■ WORK ITEM
The expected answer is the set of lines in the data below between the line holding "Floral Flowy Racerback Tank - Picture 3 of 4" and the line holding "Used 2023 Hyundai", inclusive, written out exactly.

■ DATA PROVIDED
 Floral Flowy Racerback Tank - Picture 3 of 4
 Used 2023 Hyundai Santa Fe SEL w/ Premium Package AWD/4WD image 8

* * *

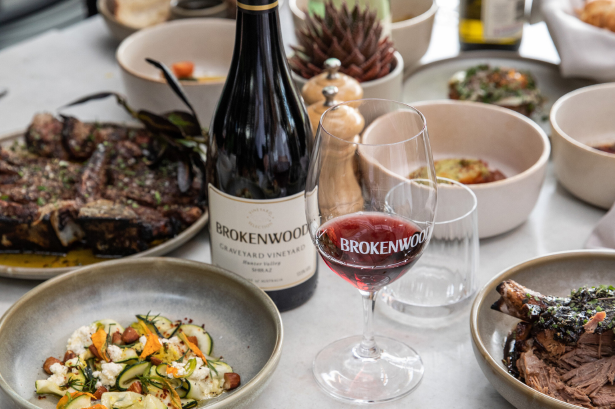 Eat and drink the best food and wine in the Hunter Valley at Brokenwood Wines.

■ WRITTEN REPLY
 Floral Flowy Racerback Tank - Picture 3 of 4
 Used 2023 Hyundai Santa Fe SEL w/ Premium Package AWD/4WD image 8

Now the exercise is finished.